An interesting thing happened on Monday when I phoned my dad to tell him that Father’s Day would not, this year, include the normal feast of roast and all the trimmings!  Yeah I know, selfish much?  Anyway, my dad’s comment, at the end of my long explanation, was that it was fine because he doesn’t live to eat, he eats to live.  Love that! 

Day 2 started off all guns blazing!  Divine seriously put me through my paces!  (Divine, my beauties, is also known in MMA circles as Divine “The Hitman” Volontiya – clearly I’ve lost my frikking mind)!  Today involved skipping (Sounds like fun right?  Wrong!), loads of kicking and other exhausting shit.  I have to say though that the stretching at the end, when he bends me into all sorts of angles, is really awesome.  Not elegant.  But awesome.

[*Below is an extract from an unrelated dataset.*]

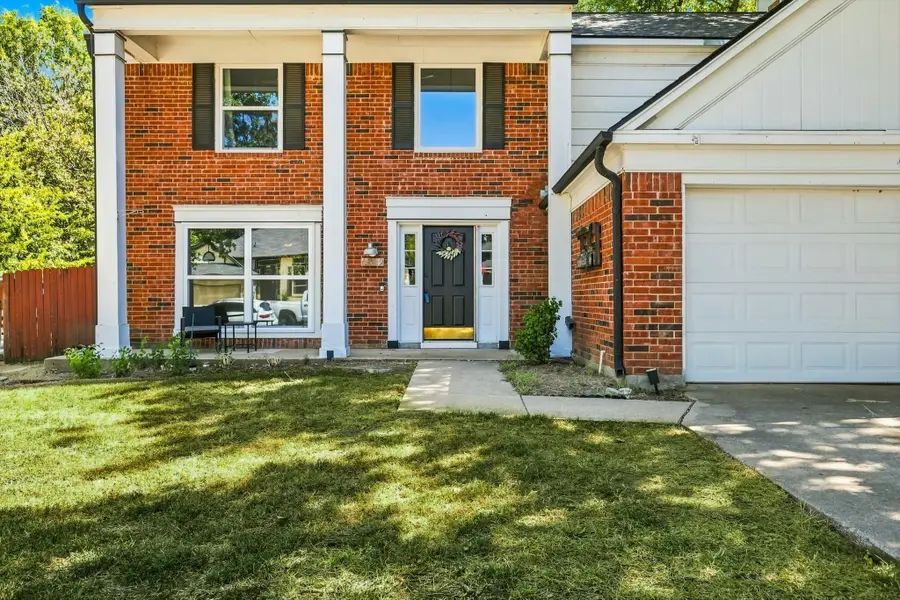 6832 Parkwood Drive, North Richland Hills, TX 76182 - #2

After complaining bitterly and ad nauseum (haha) about the eggs, Divine said I could switch to peanut butter. I am beyond thrilled!  Who thought I would be ecstatic at the thought of peanut butter?  All was going great guns – oats, peanut butter rice cakes, water, detox tea – and I demolished my fruit salad practically in a single bound (all Hulk like).  However, that was when Steve messaged me to say he could only eat half his fruit salad – HE WAS TOO FULL!  I admit, I got a little grumpy for a minute or six but, under the pressure of a lot of bitching from my side, he finished it and all was forgiven!
It was around then that my body started fighting back.  I found that if I stayed absolutely motionless, I was fine.  The problem arose when I moved. Or breathed.  Unfortunately, due to the fact that I am currently drinking water for the Republic, unless a bedpan is brought into my office I have no choice but to move. Sink or swim they say.  Pffft!   So I did the hobbleshufflelimp (technical term) to and from the loo and the kitchen – each time wondering why the hell I am doing this. 

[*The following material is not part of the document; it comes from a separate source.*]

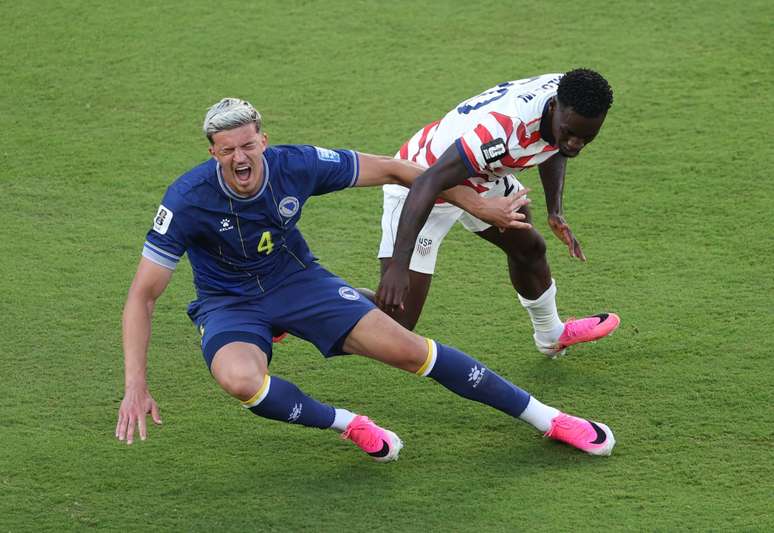 Balogun fazendo a falta que resultou na expuls&atilde;o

Something other pearls of wisdom Divine passed on to me: he said that women have incredible resolve, and in his experience when we set a goal, we do whatever it takes to reach it.  Awesome.  If I fail, I am failing the female species.  No pressure!

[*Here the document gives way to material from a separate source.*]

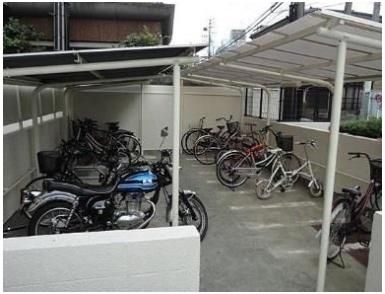 近くに施設あり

Our first supper of steamed fish and raw veggies did not go as well as I imagined!  The fish was fine.  Some thyme, a little black pepper and a splodge of lemon  - it was actually quite tasty.  However I cannot understand what inspired some moron who perchance happened to stand in a field of broccoli (do they grow in fields or in Satan’s lair?) to think gosh golly, these green tree things look yummy.   So I hereby present proof that there was broccoli in my house.  Last time.  Ever. 

Wednesday morning saw the introduction of my worst nightmare.  An ab workout.  Now just so that you know, all through my gym sessions over the last year and a bit I have worked everything EXCEPT my abs!  I always seem to conveniently “run out of time” – thus resulting in the bakers dozen sitting around my middle.  This horrified the Hitman whom, I believe, has made it his personal crusade to ensure that I end up with seriaaas abs when he is done with me.  I gasped and grunted my way through the session, ending with a 10 minute sprint up Kilimanjaro (ok it was a jog at level 8, on an incline of 2 but still).   Divine also warned me that I should expect, at any moment, a breakout of note.  So probably by the end of the week I will be rocking the full complement of hobbleshufflelimp, a pimple covered face and my tummy yelling out at intervals “what the fuck dude???”. 
So 4 training sessions, and 3 detox days and my resolve is still strong – even if the body is taking strain.  I have also resorted to doing the stick / carrot thing – at the end of the 3 week detox we are going to Bloemendal for supper.  Bloemendal serves cooked vegetables.  Just saying!